[Exercise objective]
What is needed is an exact transcription of the listing, with the images removed.

──────── Given data ────────

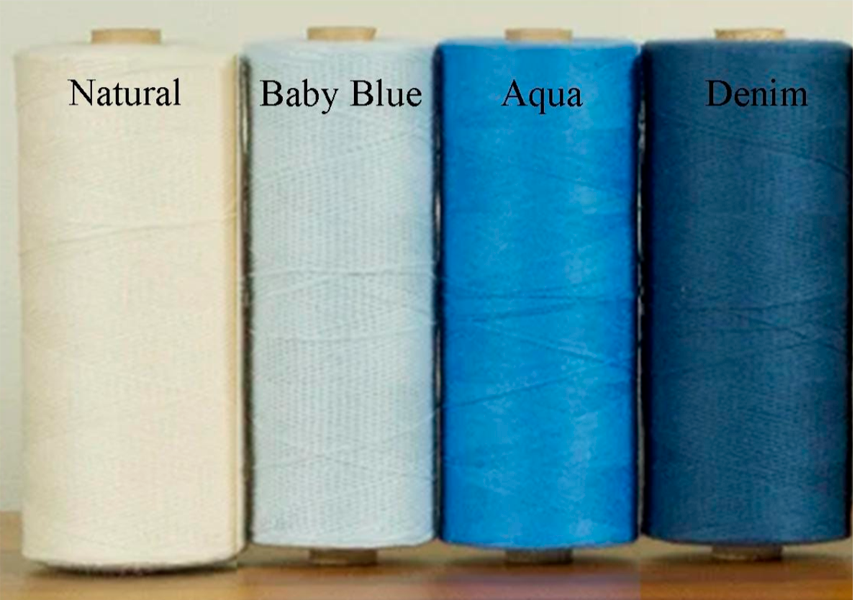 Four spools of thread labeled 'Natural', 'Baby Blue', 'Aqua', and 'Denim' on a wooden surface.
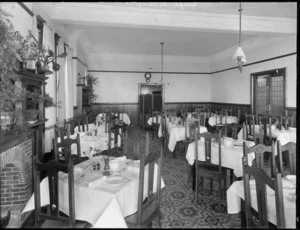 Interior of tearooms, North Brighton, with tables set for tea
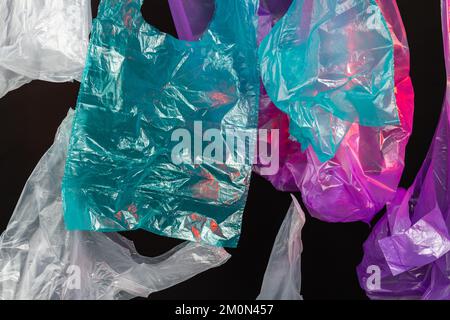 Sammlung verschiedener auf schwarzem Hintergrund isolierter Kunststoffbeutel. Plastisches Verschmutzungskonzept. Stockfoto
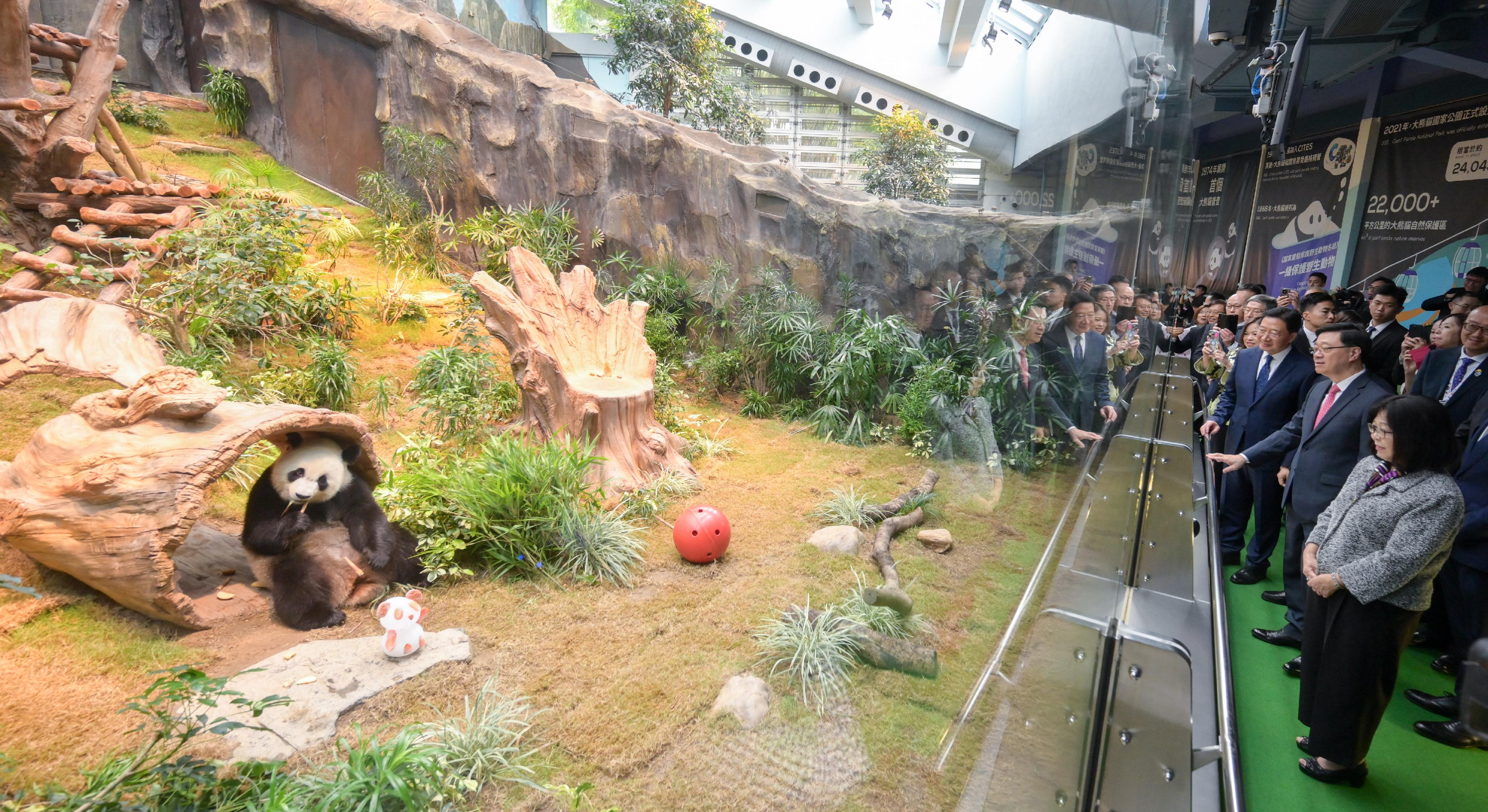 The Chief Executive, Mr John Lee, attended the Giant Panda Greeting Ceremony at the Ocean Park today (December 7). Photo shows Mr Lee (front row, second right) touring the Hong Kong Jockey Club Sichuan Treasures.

────────

[The answer]
 Four spools of thread labeled 'Natural', 'Baby Blue', 'Aqua', and 'Denim' on a wooden surface.
 Interior of tearooms, North Brighton, with tables set for tea
 Sammlung verschiedener auf schwarzem Hintergrund isolierter Kunststoffbeutel. Plastisches Verschmutzungskonzept. Stockfoto
 The Chief Executive, Mr John Lee, attended the Giant Panda Greeting Ceremony at the Ocean Park today (December 7). Photo shows Mr Lee (front row, second right) touring the Hong Kong Jockey Club Sichuan Treasures.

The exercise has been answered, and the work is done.